Short, tabbed forms = go go
As a matter of course, when building Drupal websites, I install the Field Group module. This allows me to put form fields into groups - all text fields in one group, all taxonomy fields in another, all media fields in a third, or whatever categorisation system I wish. Taking this approach, the content editor is not overwhelmed with options and can simply click on the tab of the category he or she wishes to edit. The field group tab I most commonly use for this is the wonderful Vertical Tabs.
Now, doesn't that form look much easier to manage? Well yes and no. Yes it's easier to manage, but the content editor might have too many tabs now, perhaps we don't want them being able to edit menu items or change the URL alias. Can't we simplify this?
Using Drupal's Simplify module we can, well, simplify things. In this instance, I am going to remove the admin-related tabs from the editor role, so they will only see content-related tabs.
Not just random Acts of Kindness
Be nice to your content editors. Provide them with help text. Not just randomly, but on all form elements. For example, on an image field, let them know that the expected dimensions of the image are 450px by 220px and that the image will appear on the news listing page.
(Excuse the title on that image field - it was just for demonstration purposes.)
Beautify the help
Once you have all of your help texts in place, the form will become a little longer. This isn't necessarily a good thing. I like to install the Beauty Tips module to insert the help text in popup bubbles, visible only when the user clicks on that field. It also allows me to write slightly longer help texts for my clients.

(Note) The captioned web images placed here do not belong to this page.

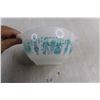 Image 2 : Vintage Amish Butter Print 1.5 Quart Cinderella Bowl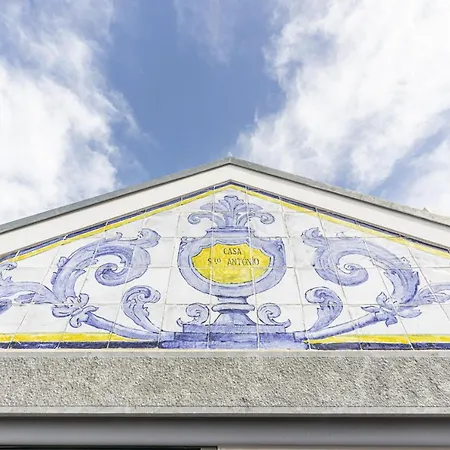 Petit Bijou By Cadenzalux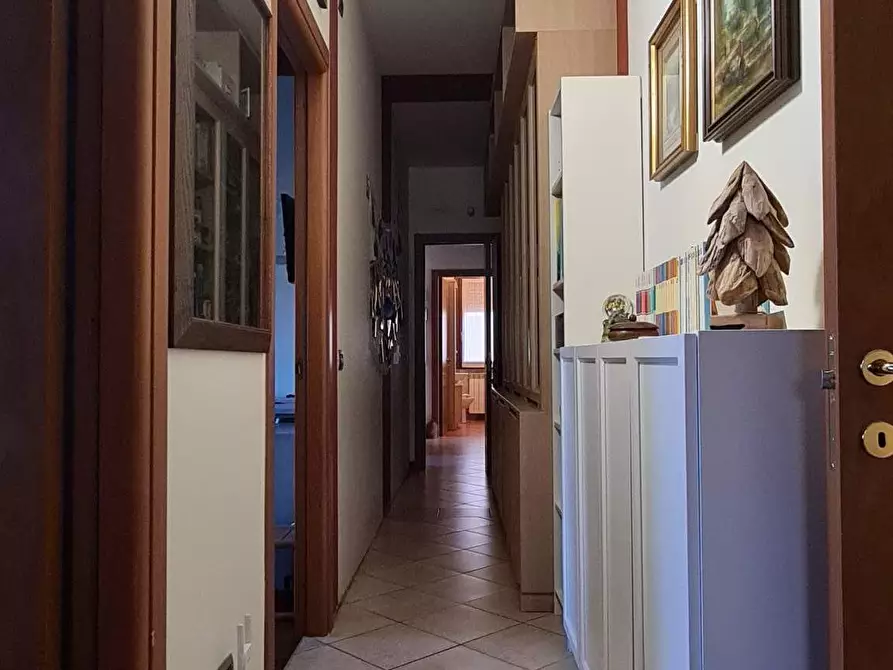 Immagine 14 di Pentalocale in vendita  in Via Rose di Sotto 36 a Brescia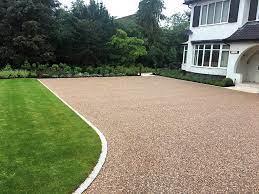 Road gravel is the most affordable type of driveway gravel. Choosing The Right Garden Edging Society Of Garden Designers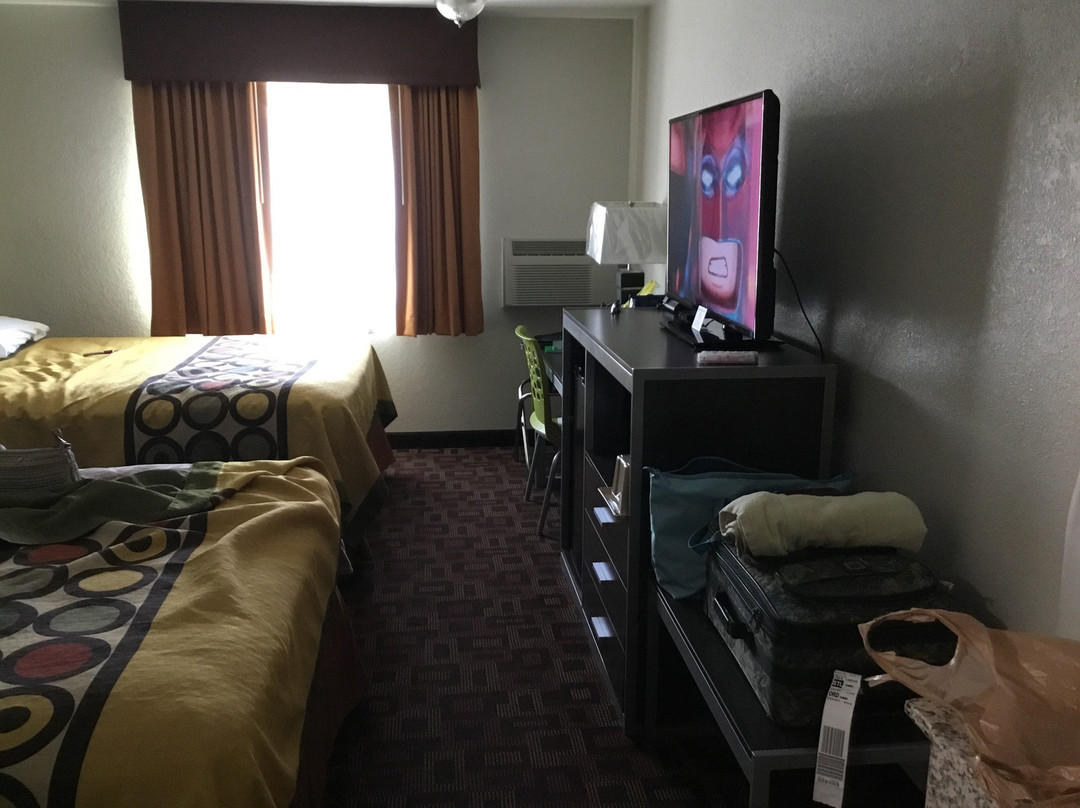 Super 8 by Wyndham Moberly MO主图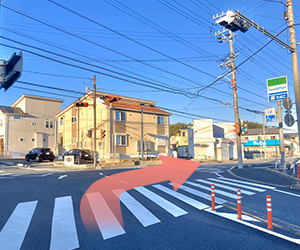 JRの線路の下を通過後三ツ谷の信号機を右折します。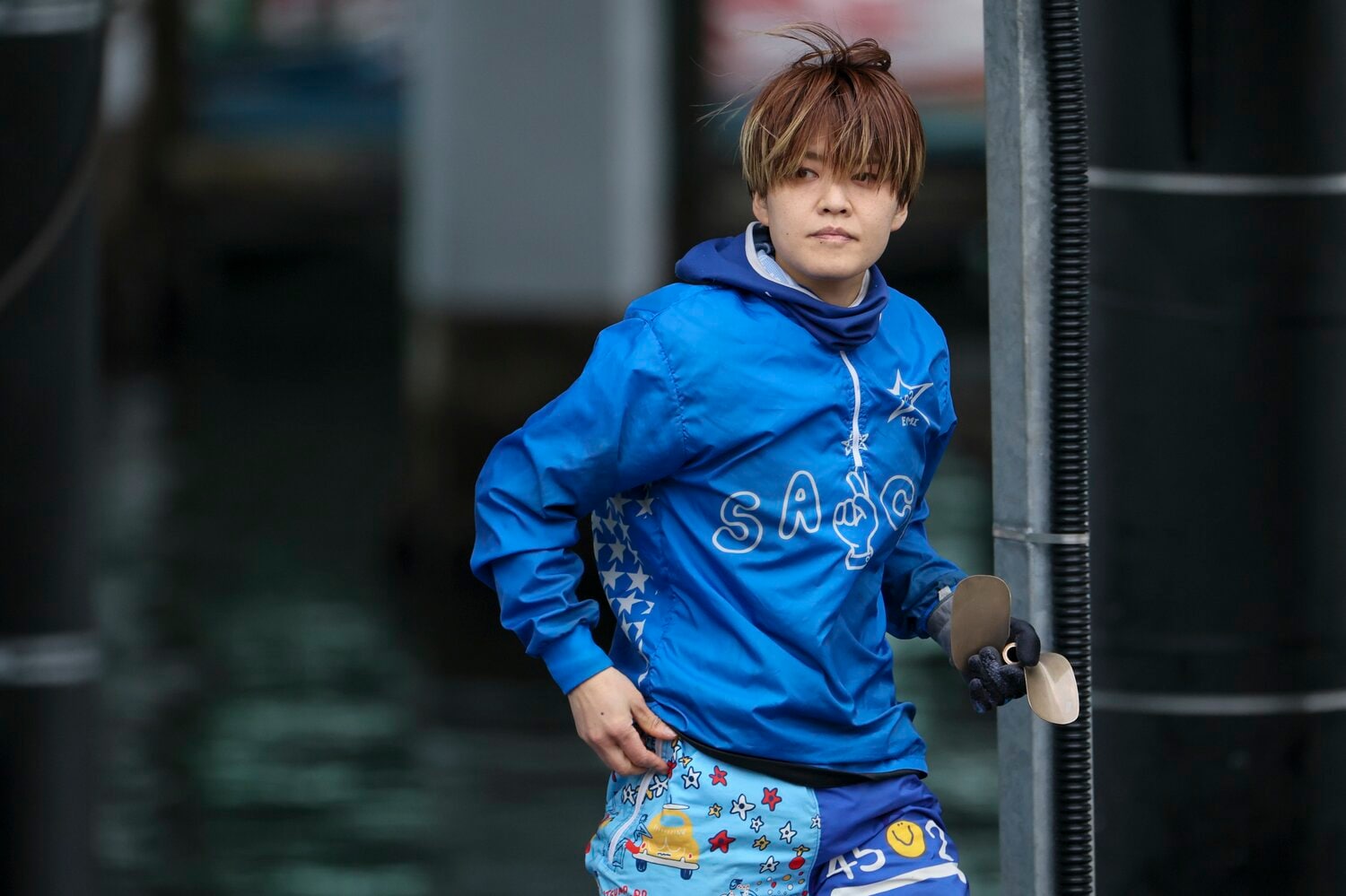 左手に「ペラ」を持つ遠藤エミ。ミリ単位の調整が結果を大きく左右する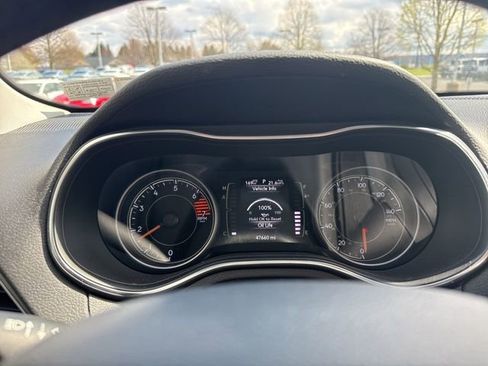 Used 2019 Jeep Cherokee Latitude w/ Cold Weather Group AWD/4WD image 14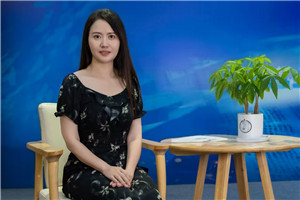 科幻文學(xué)：獲獎(jiǎng)作品《改造天才》作者：賈煜         獲獎(jiǎng)感言在這部書中，我還刻意設(shè)定了“副作用”這一情節(jié)：當(dāng)孩子們獲得超常能力時(shí)，他們的情感、記憶甚至人性本真逐漸被技術(shù)侵蝕。這一設(shè)定暗含我對(duì)教育的思考：在追求效率與成果的今天，我們是否忽視了孩子成長(zhǎng)中最珍貴的東西——好奇心、同理心與面對(duì)失敗的勇氣？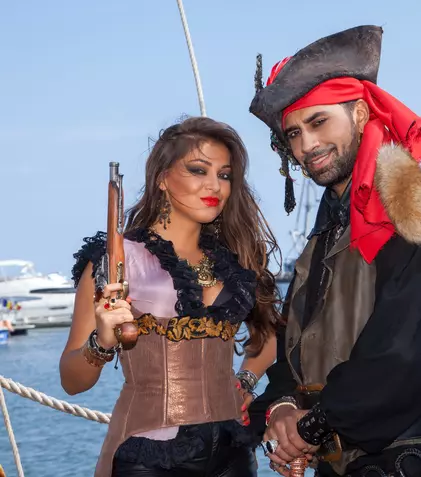 Mandinga şi Connect-R au lansat videoclipul “Ce poveste”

Selecting from a large range of options
I once created an Organic Groups-based website with 2,500 groups. Every time a new feature was created for a group, we had to decide which groups were ready for this new feature. We then had to try to select the groups from a tiny input/select box trying to grab, for example, 179 groups of 2500. To say my finger often slipped off the mouse, or missed a group, is an understatement. With Drupal's Multiselect module all of this hassle could have been avoided. Multiselect allows editors to select available list items and then tick an arrow to send them to the selected options list and vice versa.
Making the link
The content editor often has trouble with links. Finding pages, linking to them, then editing the linked page (resulting perhaps in a change of URL), but forgetting to edit the page that links to it and then ... (it's all getting complicated). Using LinkIt module, editors are given a much better link interface to find the content they wish to link to, which will also automatically update the links if they change. Add to that the Link Checker module and you've a pretty cool link infrastructure in place.
Once you have your content editor experience created for editing pages, don't forget to create a dashboard for your content editors to give them an overview of the website. This can be something simple using the Dashboard module or more complex using Workbench and Workbench Moderation modules. It will depend on the workflows in place in your clients organisations. At a minimum - with my content strategist hat on - I create blocks of most recently added/updated content, least recently added/updated content, content due for review, and unapproved comments.
That was as far as my presentation got. I'll follow up this blog post with another one soon detailing some other modules that I mentioned in passing during the presentation, such as admin views, honeypot, webform default fields, conditional fields, paragraph module, field collection, and more.
Any thoughts? Anything left out (I'm sure there's loads more)? Please add them to the comments.